I am in pain today. It all started back on Wednesday, I planned to swim with Bill at noon but I was in a meeting until 12:40 so we started late and I had very little to eat all day. The goal was to work on fly, we're swimming 200 fly, 200 back, 200 breast, and 200 free in our end of the term swim meet coming up in March. Presently, I can just get through a 50 fly so I have quite a way to go. I managed to swim up to 75 fly but I have a lot of work ahead of me in these next few weeks if I'm going to compete. I have done a 200 fly once before but I was in decent shape then. Not so much now. By the end of the workout my arms felt like lead and I was starving. So the deficit has was started.
On Thursday, I wanted to get out in the sunshine and go for a trail run so I used some comp time and took a long lunch so we could get out in the mid-day sun. We ran up Bald Hill, back down and then out and up another nearby trail (unsure of name) for a total of about 1 hour of running. Not a big deal except this is HILLY running and I am totally out of shape.
Saturday we woke up to more sunshine so we planned a bike ride but first we had to get some pruning in since every plant in the back yard is dead and overgrown. After an hour of holding up large pruners my upper body was feeling a bit sore but a bike ride doesn't take arms so out the door we go. Bill suggested a flat route but I decide I want to head for the hills, I haven't been bike riding since I don't know when and rather than build up slowly, I just want to get straight to the pain. We ride out Bellfountain road to Finley Wildlife Refuge, the ride is about 25 miles which is no big deal for a person who rides bikes but for me, it hurt. I couldn't get my heart rate over 145 which is totally pathetic. I used to run for 2 hours at 145 and considered that moderate. I am so out of shape it's disgraceful!

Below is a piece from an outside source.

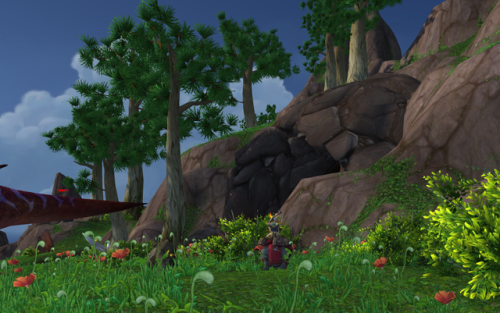 怎么去潘达利亚巨兽岛(巨兽岛乌达斯塔)插图11 怎么去潘达利亚巨兽岛(巨兽岛乌达斯塔)插图11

I have been banned from exercise today by my husband so I think I'll do a recovery swim (1000 yards) and get ready to run again tomorrow. Eventually I'll find some fitness again, if only just for a short time, to remember what it feels like to be me again. Right now I feel like a tired, old, sore, and out of shape version of myself and that doesn't feel so great. Looking forward to runner's highs, rhythm in the pool, and to climbing hills in something other than the granny gear on my bike again.
A view to appreciate
The moon and long shadows mean it's time to head home.